“I’ve turned it into a bit of an art form, even if I do say so myself,” began Waterford man Matthew Lawrence, tucking into his fourth free pint of the evening. “Guinness, Carlsberg, Fat Frogs, I’m not that fussy – it’s all game, kid”.
Mr. Lawrence, a full-time son of two, is one of thousands of self-confessed “pint robbers” that frequent bars, hotels and popular nightclubs up-and-down this unsuspecting country.
“Once you rob one, you can’t stop,” Lawrence told this reporter, now eyeing up a three quarter pint of Coors Light whose owner was engaged in sports activities on the widescreen television of the busy Dublin centre bar.
“See that now,” he nodded at the stranger’s pint, checking around for witnesses, “he has no idea his friend just bought that for him, so you know what that means: he won’t miss it when it’s gone”.
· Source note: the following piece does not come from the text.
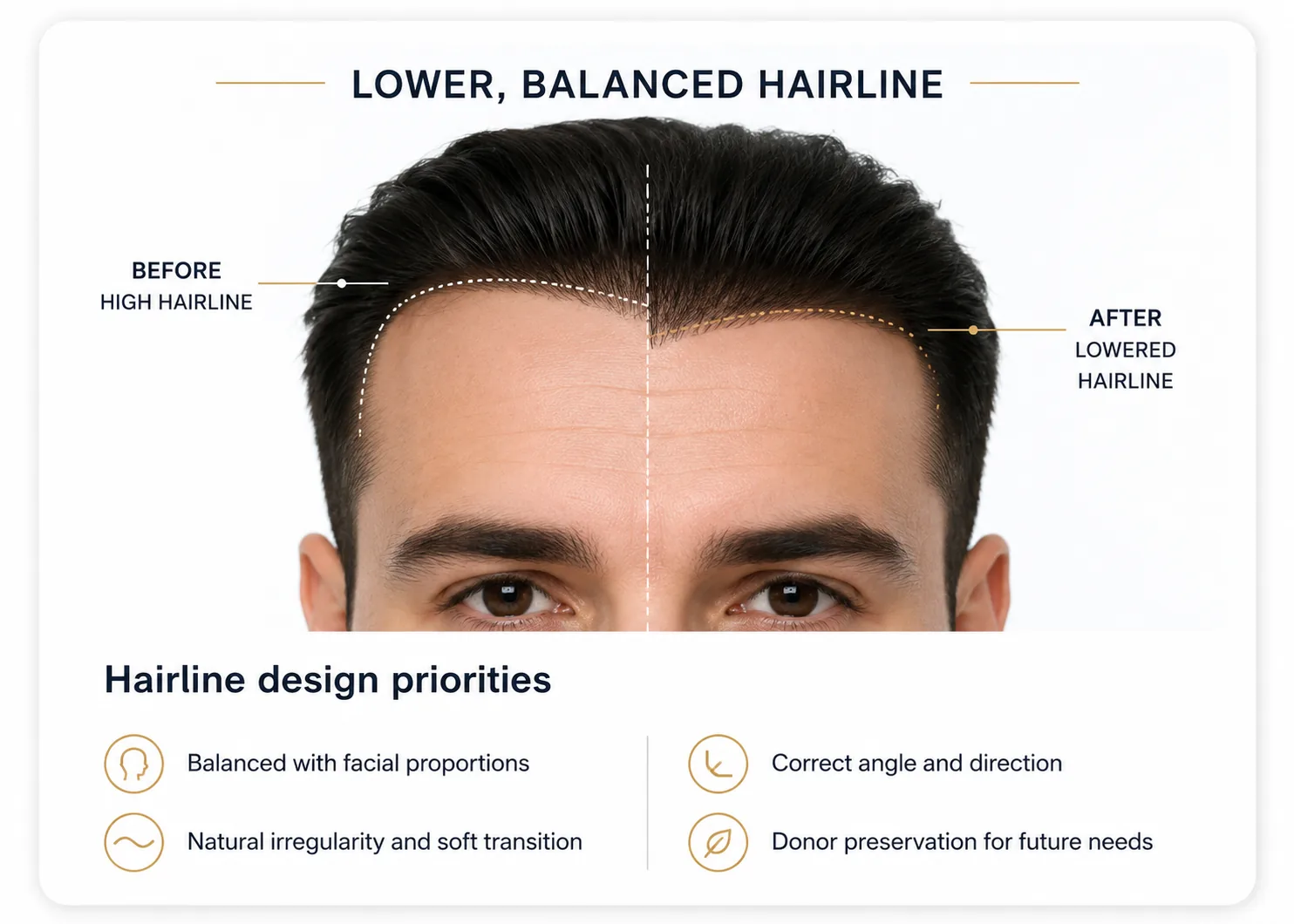 Hairline lowering before and after design guide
The crime of pint robbing, which is illegal in Ireland and carries a mandatory 5 year sentence, is described as one of Nation’s “biggest taboos”, due to its culturally delicate and sacrilegious nature.
“For an Irishman, having a pint stolen from them is probably… sorry, the most traumatic experience of their life,” explained clinical pint robbing psychologist and expert on the matter, Prof. David Kinsella, who once had a pint of Smithwicks with a Guinness head robbed from him at a Christmas party in 2009, “by some gurrier”.
It is not yet known why people like Matthew rob other people’s drinks, but experts speculate it could just be down to being thoroughly evil and lacking any human compassion or understanding.
“They’re just sick fucks that need to be put down,” Prof. Kinsella concluded.
If this article affected you in any way, or if you have gone or going through Post Traumatic Robbed Pint Syndrome, please contact the national Post Pint Robbing Helpline on 1850 000 5256.